From the Dean -- Fall 2023
The current Baylor University strategic plan, Illuminate, articulates signature academic initiatives in five broadly defined areas: health; materials science; data sciences; human flourishing, leadership and ethics; and Baylor in Latin America. In previous issues of Baylor Arts & Sciences magazine we have highlighted our involvement in each of these areas in some form or fashion — except for Latin America. So, in this issue we are devoting space to inform our readers about what the College is doing to help Baylor achieve its goals relating to this important topic.

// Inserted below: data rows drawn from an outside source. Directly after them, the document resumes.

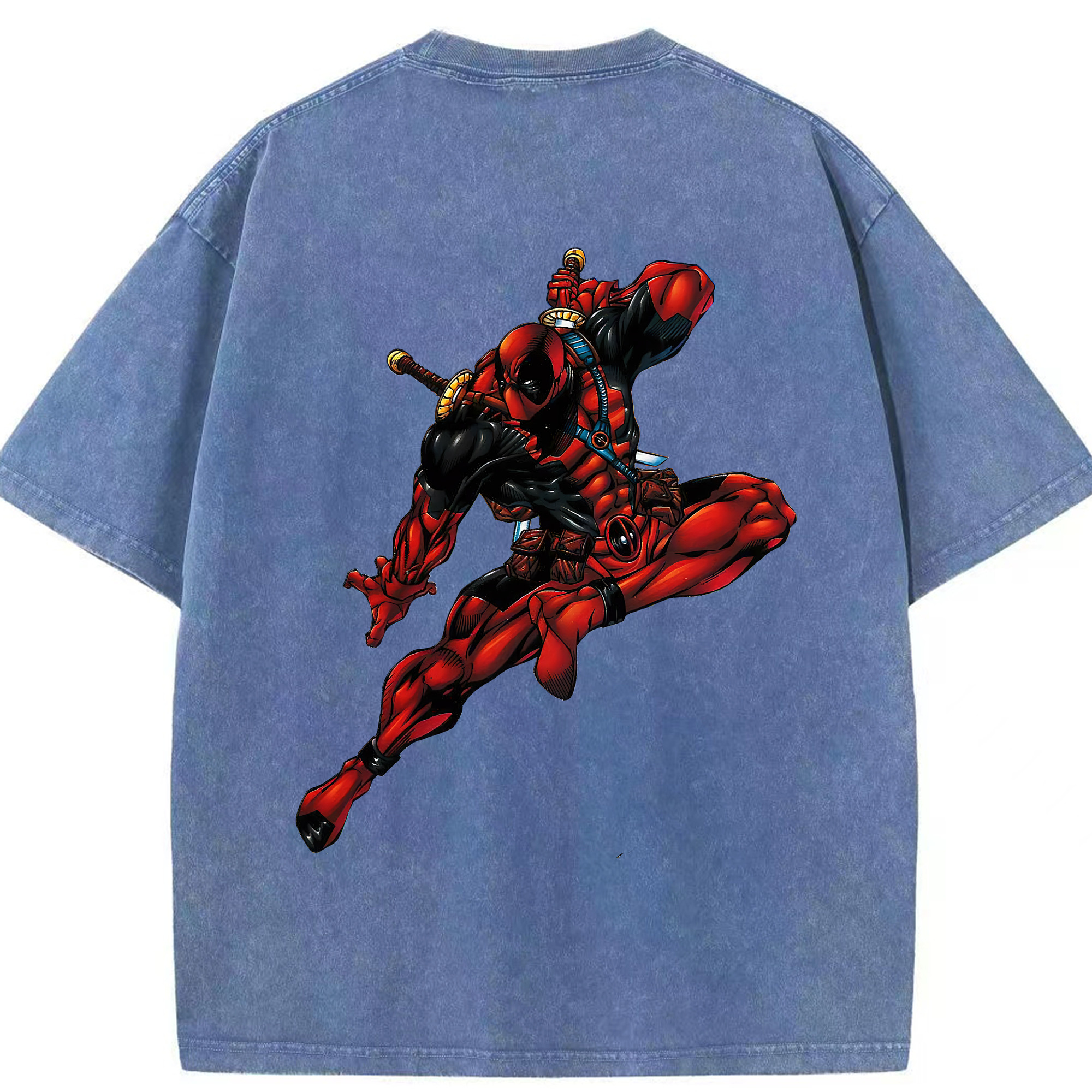 （画像用） Deadpool デッドプール 綿100% ヴィンテージ風 半袖Tシャツ（背面プリント）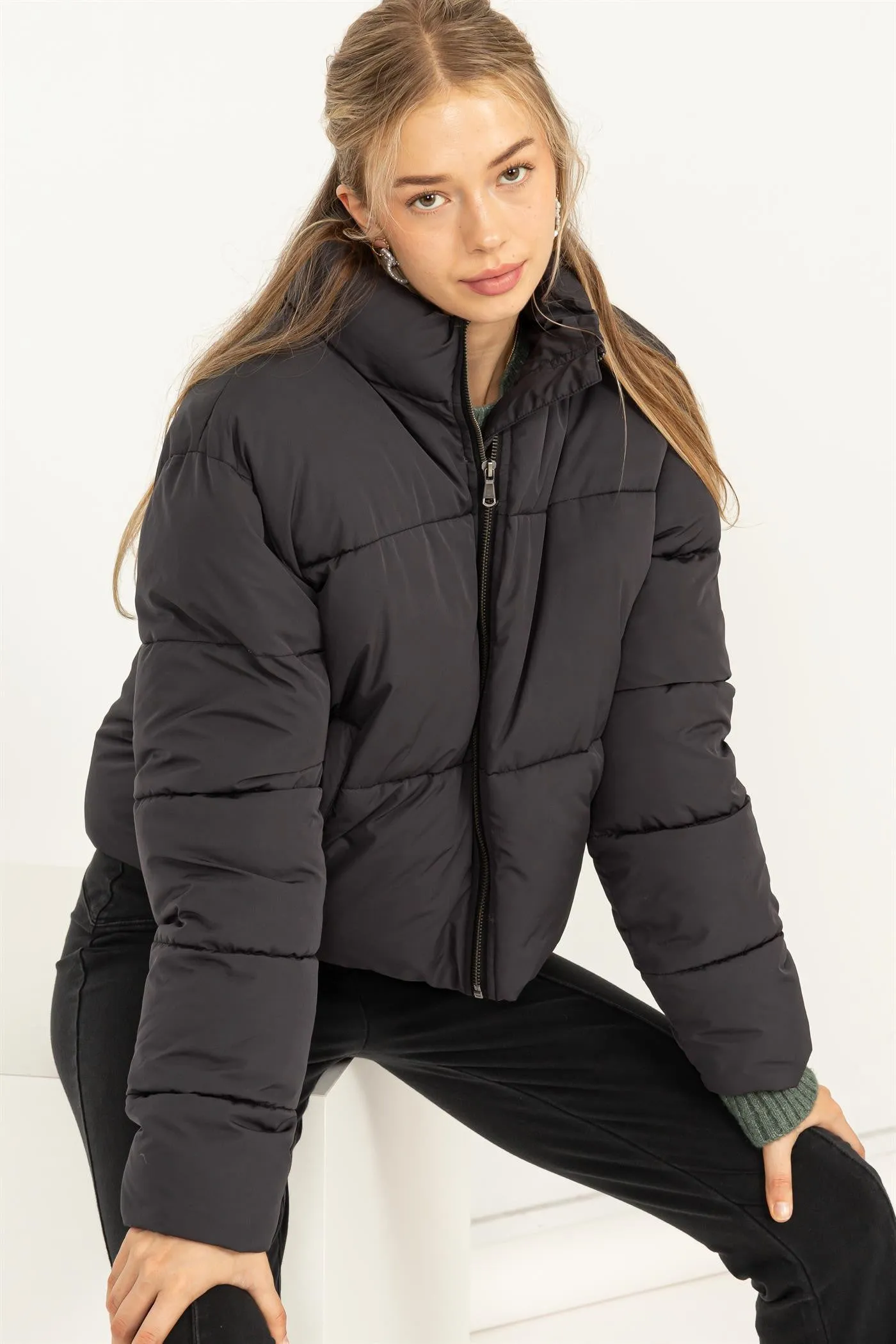 Black Weekend Ready Quilted Puffer Jacket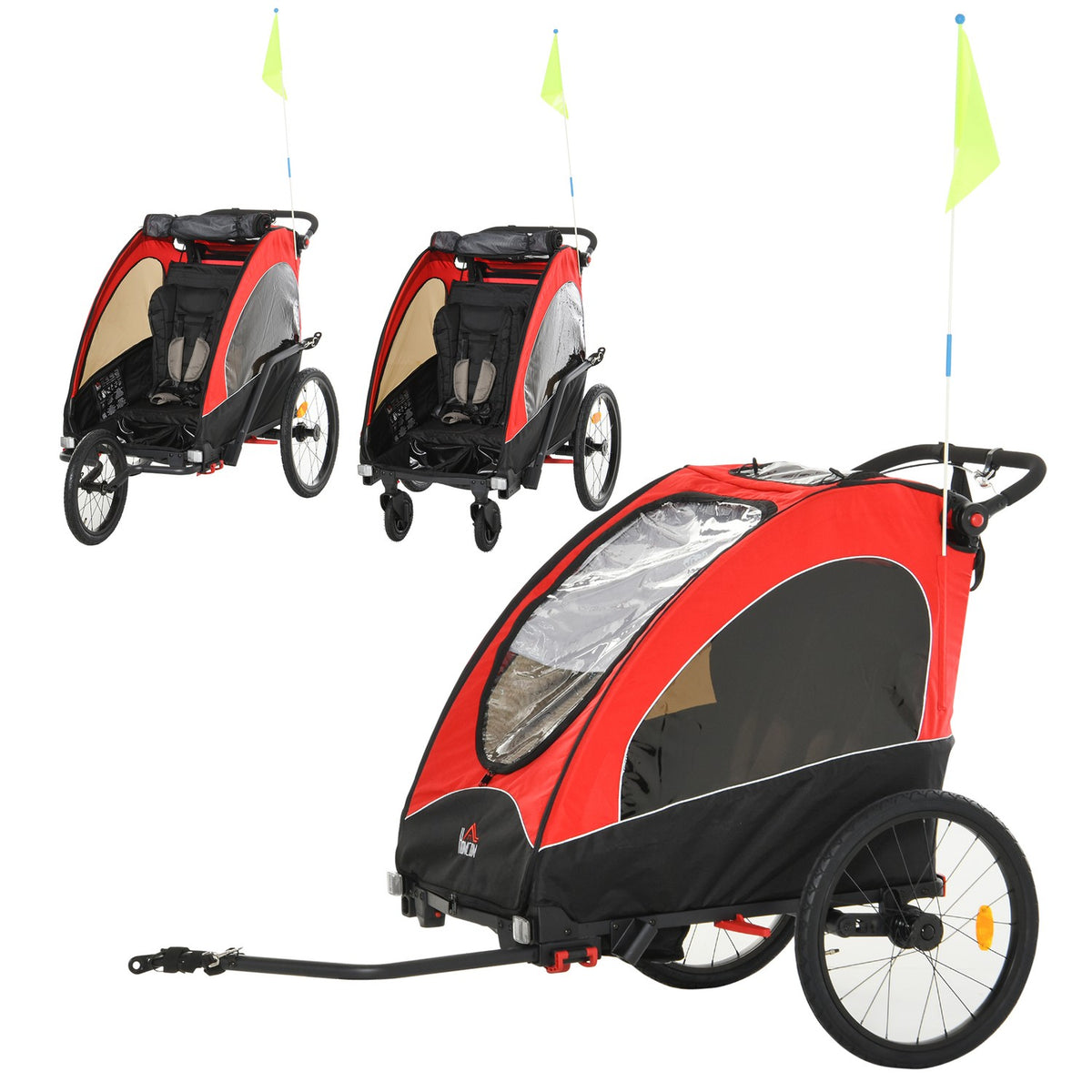 3 In 1 Children'S Trailer Aluminum Children'S Jogger Bicycle Trailer For 2 Children With Flag Red + Black 150 X 85 X 107 Cm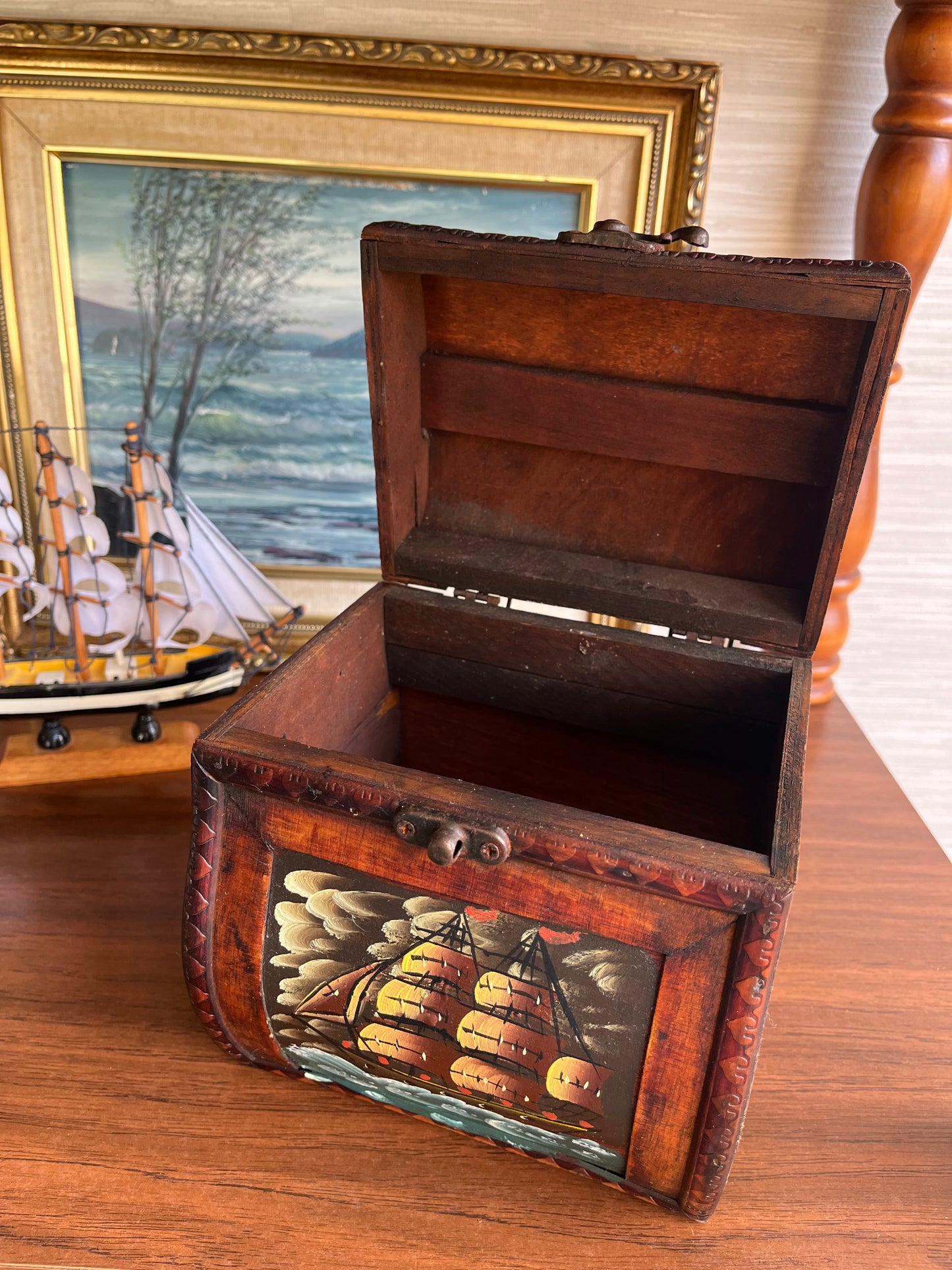 Wooden Jewelry Trinket Chest Box w/ Hand Painted Ship Art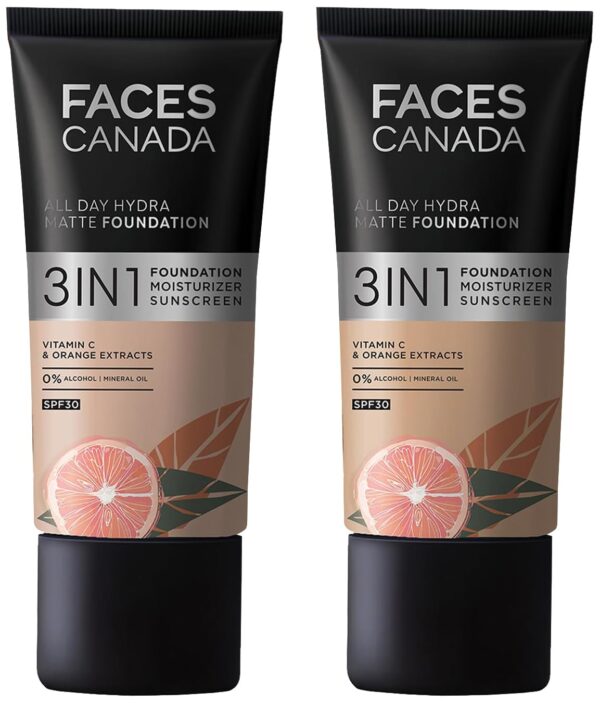 FACESCANADA All Day Full coverage Oil Hydra Matte Foundation & All Day Hydra Matte Foundation Pack Of 2 - Fast Shipping to USA & Canada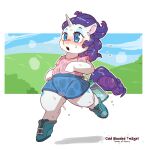  1:1 anthro blue_eyes blue_eyeshadow blush bodily_fluids bottomwear camel_toe clothed clothing cold-blooded-twilight cutie_mark english_text equid equine exercise eyeshadow female friendship_is_magic grass gym_bottomwear gym_clothing gym_shorts hair hasbro hi_res horn makeup mammal my_little_pony outside plant purple_hair rarity_(mlp) running shirt shorts sky solo sweat t-shirt text topwear unicorn water_bottle white_body 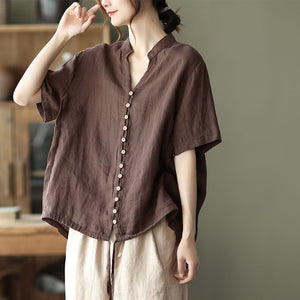 Áo sơ mi linen ngắn tay cổ đứng dây rút vạt áo - NU7016
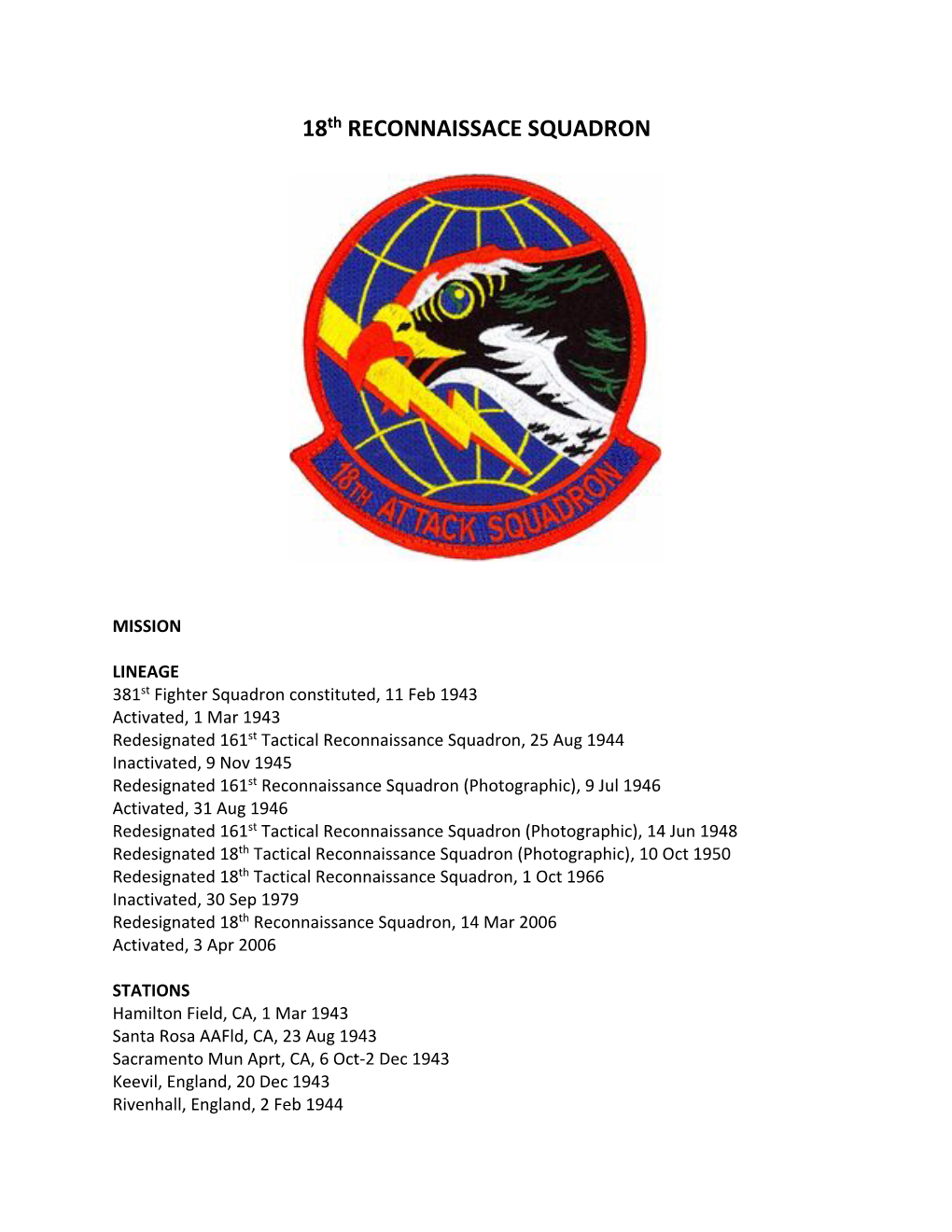 18Th RECONNAISSACE SQUADRON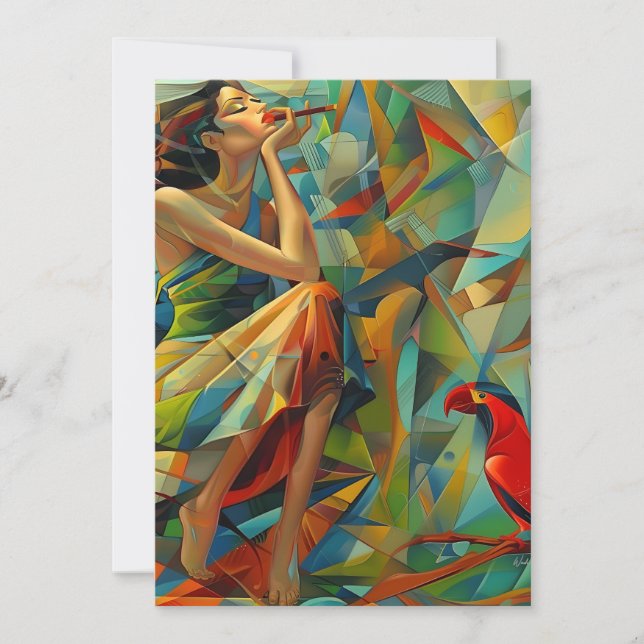 Cartão De Festividades Abstrato art colorido (Frente)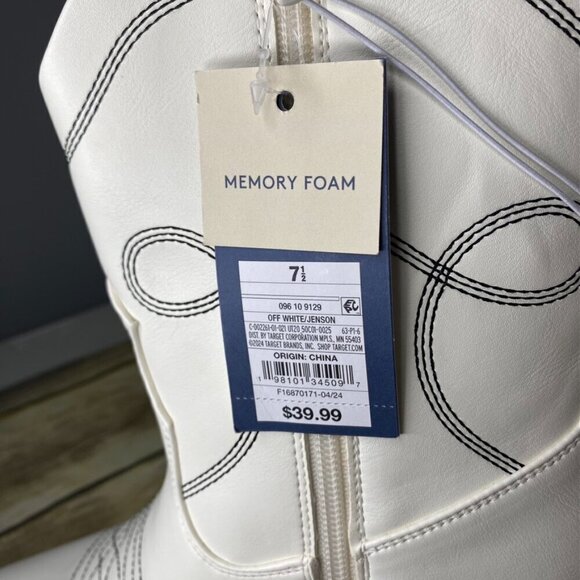 NWT Universal Thread Jenson Women's White Western Booties Size 7.5M - Picture 6 of 7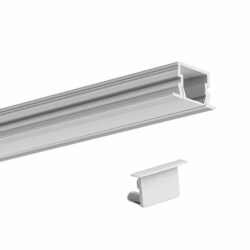 Perfil para cinta LED - Para interior o exterior - Aluminio anodizado - De empotrar - Lente frosted
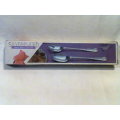 Silver Plated Salad Serving Set, Spoon and Fork in original box is good s/hand not used condition.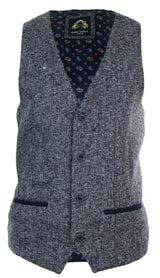 Herr Grå Blå Fiskbensmönstrad Tweed Slim Fit Grov Väst Kavaj Smart Casual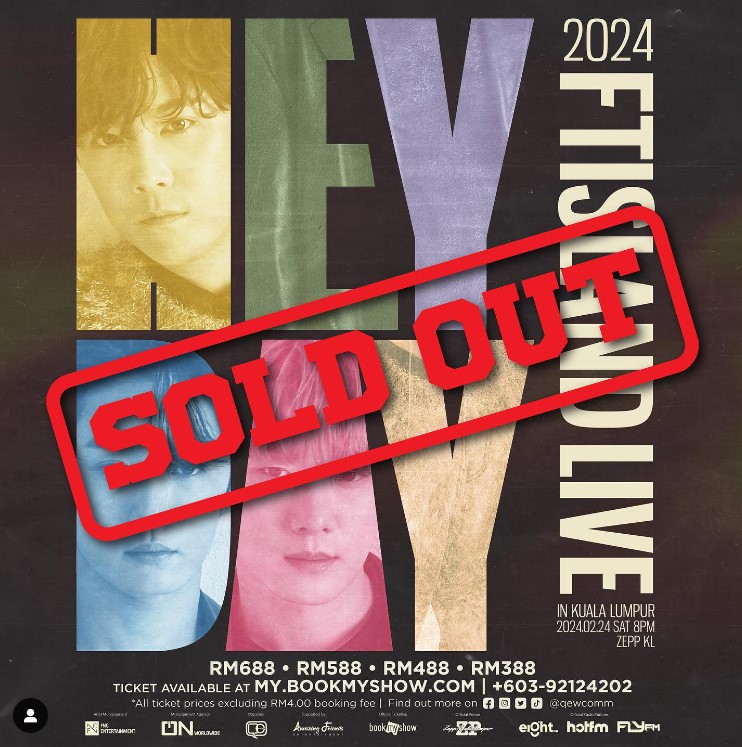 FT ISLAND Live 'Hey Day' in Kuala Lumpur Concert Tickets Sold Out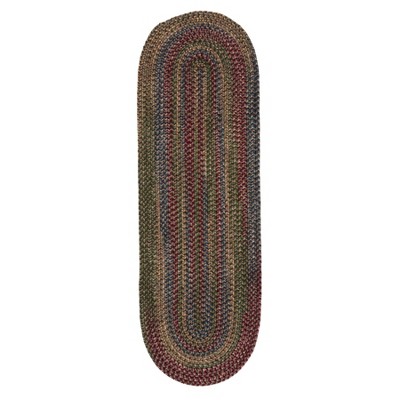 Colonial Mills Midnight Braided Runner, Java 2'x5', Oval Shape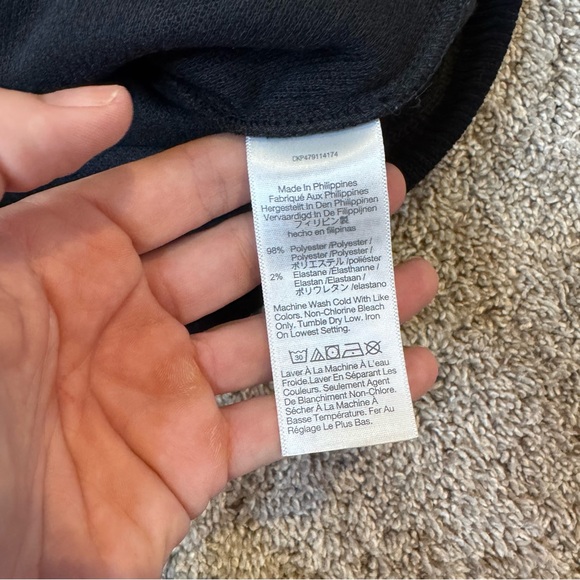 MADEWELL Striped Jacquard Funnelneck Top. BLACK size S - Picture 6 of 8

The initiative considers Latin America to include a wide region composed of Mexico and Central America, South America, and the Caribbean. It is timely because Baylor already is involved in finding new ways to build synergies among faculty across all of the academic units on campus. These interdisciplinary collaborations are proving important in addressing the Latin American initiative in Illuminate because our faculty already are intertwined in many ways across the Americas. We also have students matriculating to Baylor from Latin America in greater numbers than ever before, and our students and faculty now frequently visit the region each year through study abroad and mission programs.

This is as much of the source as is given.